The Christian Democratic Party threw all their resources into the campaign and, with the backing of the Church, secured a few additional seats. They now had an absolute majority, making the second Seimas the only one that lasted through the entire 3-year term.
Exploiting crisis
The Christian Democrats, who governed the country since spring 1920, suffered a number of scandals over lavishing public money on Catholic organizations and agencies as well as corruption cases exposed by the opposition.
Besides, believers had a problem with priests engaging in politics, actively participating in the party, in campaign bickering. The ruling party's authority suffered another blow when an economic crisis started to be felt in 1924.
Therefore securing majority in 1926 was a difficult tax. But the Christian Democrats employed all means at their disposal to do it.
The tone and rhetoric of election campaigning changed significantly: both pro-government and opposition papers now printed mocking cartoons and threats of the bogeyman of socialism.
“The kadem (Christian Democratic) agitators are lying when they say that the Peasant People's Unio wants to abolish marriage, baptism, and all other religious ceremonies. The kadems lie that the Peasant People's Union are socialists,” the “Lithuanian Farmer” insists.
The governing Christian Democrats accuse the opposition of destructiveness: “Our opposition, especially the People's Union, their papers, and [first president Antanas] Smetona and [Augustinas] Voldemaras are working overtime and shouting that Lithuania is allegedly in a great economic crisis, that the Christian Democrats are going to declare dictatorship, etc.
“These inflated so-called facts about the crisis, these indecent inventions about a dictatorship, and all other false information are fed to foreign press which is thus deceived by our opposition. People's Union and Smetona's supporters should have enough good sense to realize that this false information undermines our affairs abroad. The opposition, set on winning the elections, forgets state interests; by smearing the ruling parties it also smears and humiliates the state itself and the entire nation.”
The Peasant People's Union, meanwhile, does not neglect to mention the loan taken out by the state: “A month ago, the entire kadem press trumpeted the 'joyful' news that the foreign loan already arrived. Even Finance Minister Karvelis boasted about it in one rally. But the 'joyful' announcement was followed by a no less 'joyful' silence. Today, judging by the fact that our officials say nothing about the terms, we can only assume that the terms are hard on us, that they are nothing to boast about."

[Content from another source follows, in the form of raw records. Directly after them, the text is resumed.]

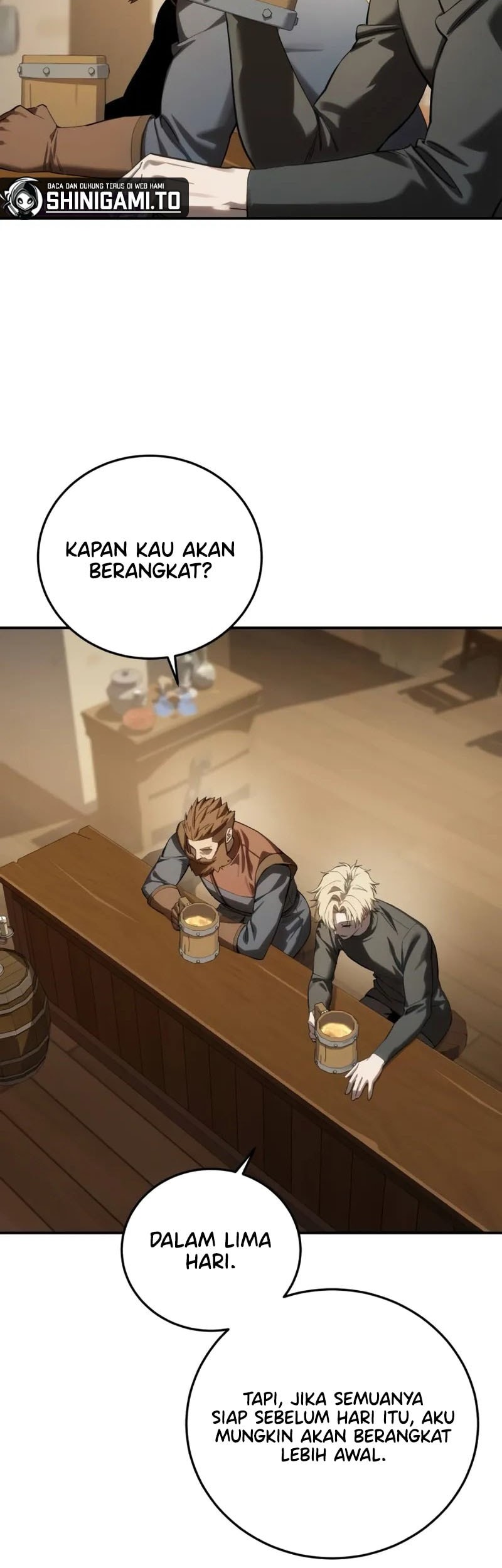 Star-Embracing Swordmaster Chapter 95 - halaman 24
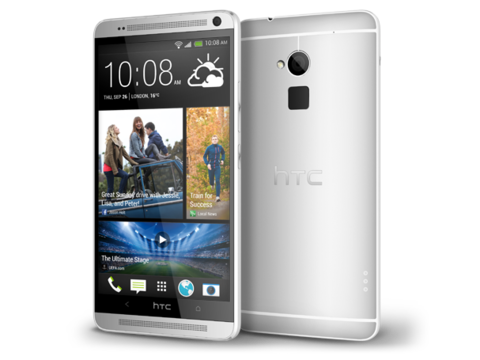 Review HTC One Max Smartphone
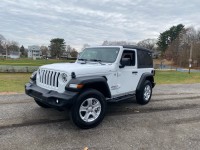 Image for 2021 Jeep Wrangler Sport S ID: 6955340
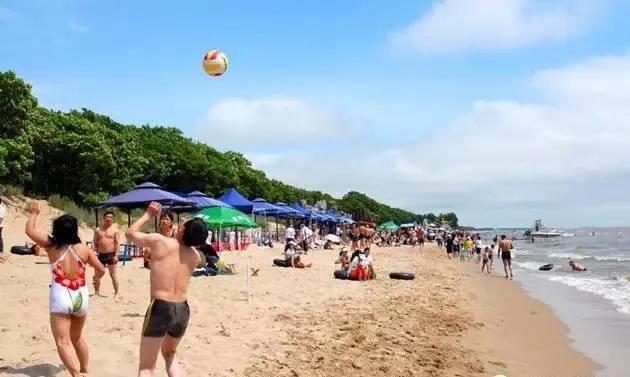 国际沙滩排球比赛,银滩沙滩排球比赛时间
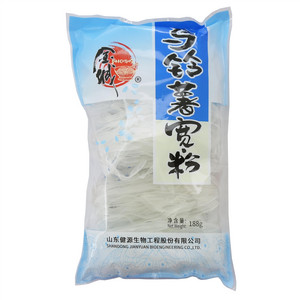 金城马铃薯宽粉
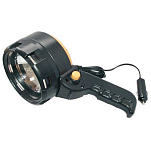 Euromarine 001585 Manual Галогенный фонарик Серебристый Black
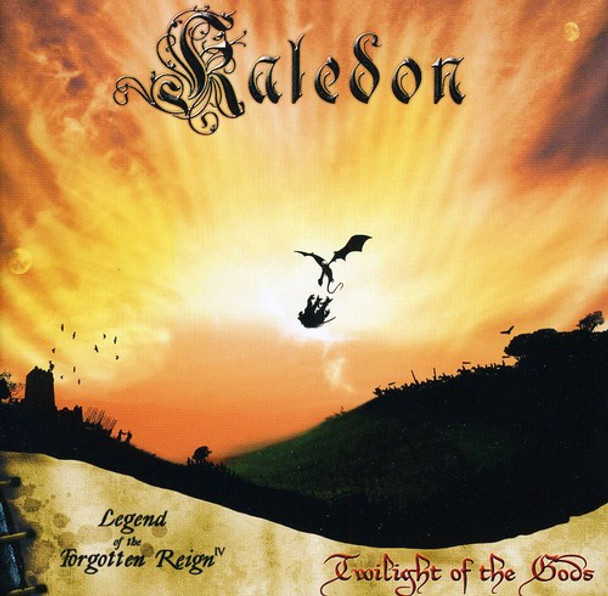 Kaledon Chapter Iv CD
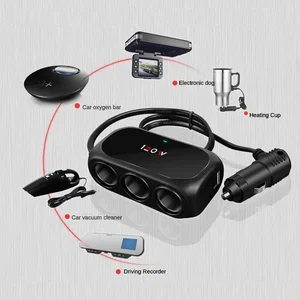 12 Hauptverkaufs -GPS -Auto zwei Antennen - №10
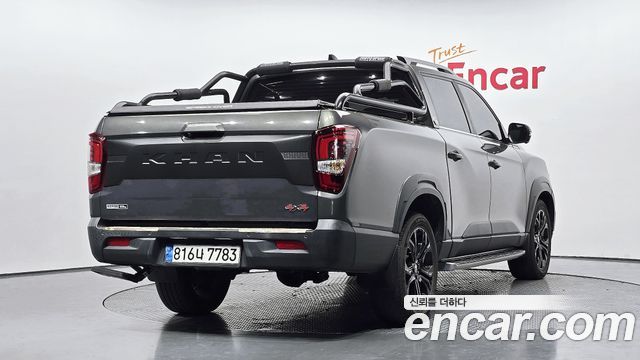 KG Mobility Rexton 2022 — photo 2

The government, in turn, call the entire criticism a lie. “The Peasant People's Union, having spent three years idling and only hampering those who worked, decided to fish out some votes for themselves. They opened their barrel of libel and spilled all the smear and fiction, all gossip to the people. Agitators, hired on someone's money, started touring villages and smearing the government, Catholics, and the Church.”
Best intentions can amount to nothing
The 1926 Seimas election was a major turn in the history of Lithuanian parliamentarism. The Christian Democrats lost elections to the third Seimas. Their share of the vote dwindled and so did their number of seats in parliament. For the first time, victory went to the left.

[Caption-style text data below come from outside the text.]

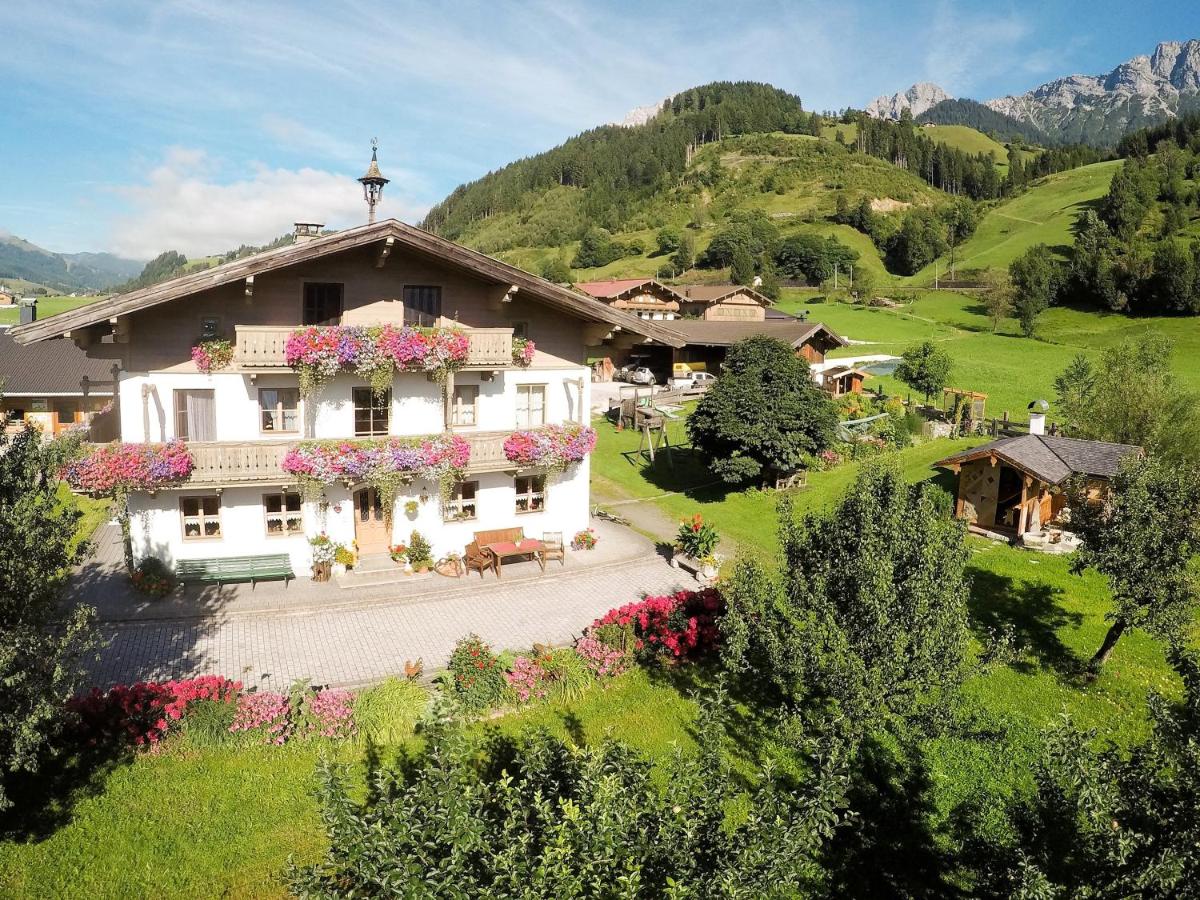 Ferienhaus Widauer Herzoghof - B&B Leogang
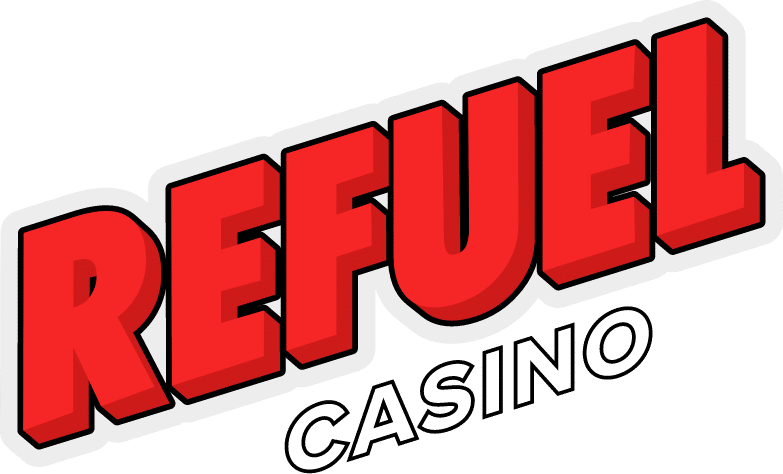 Refuel Casino Logo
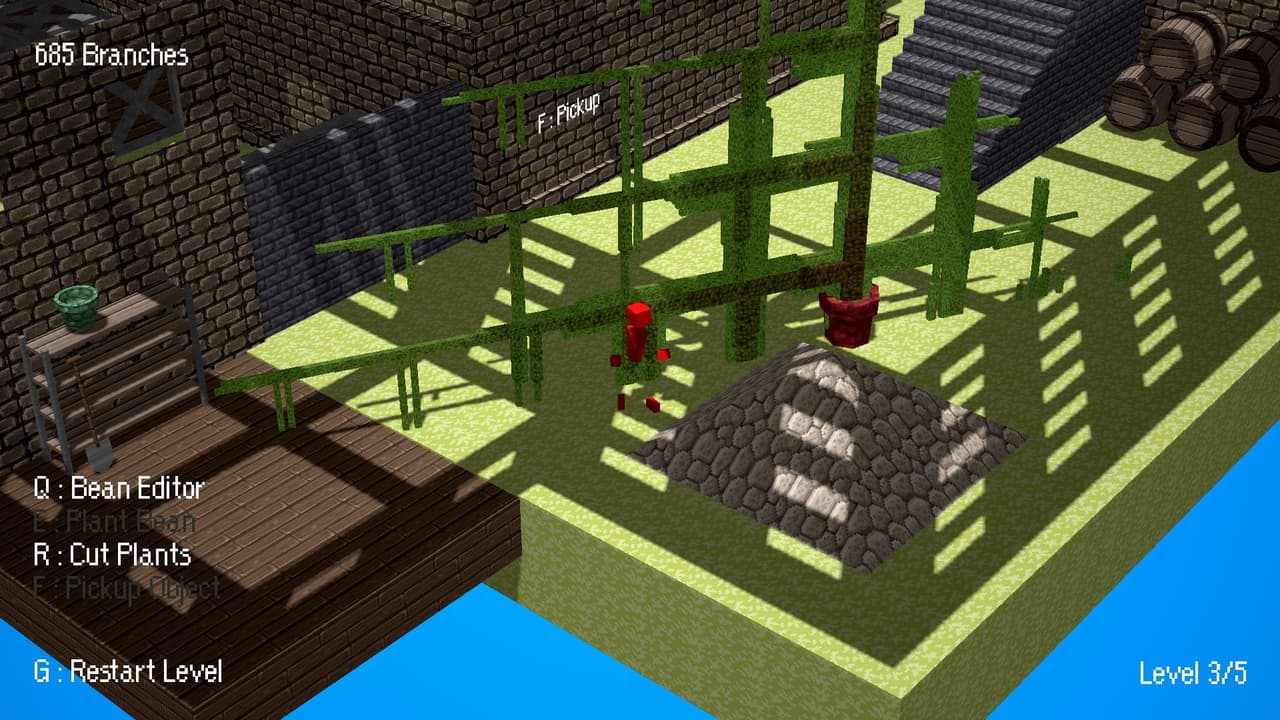Magic Beans (ajkrooneman) screenshot 4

Coalition of the Lithuanian Peasant People's Union and the Lithuanian Social Democratic Party did not have a majority, but by securing support from national minority deputies, they were able to form the Government.

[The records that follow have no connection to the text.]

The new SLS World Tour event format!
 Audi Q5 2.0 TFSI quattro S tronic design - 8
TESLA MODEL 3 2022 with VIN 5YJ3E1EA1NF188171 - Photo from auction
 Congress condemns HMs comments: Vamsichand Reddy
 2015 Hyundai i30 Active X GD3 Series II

This was a blow below the belt for the Christian Democrats. Right after the elections, on 21 May, the “Homeland Watch” editorial read: “In terms of statehood, the Seimas election results are bad. In order to be in the position, the People's Party will have to agree with the Social Democrats and also some minorities. Experience in other countries as well as our own shows that deals and concessions cost parties a great deal. Under such deals, one or two deputies can cast their veto at any minute and, disagreeing with the opposition, the best of intentions can amount to nothing.”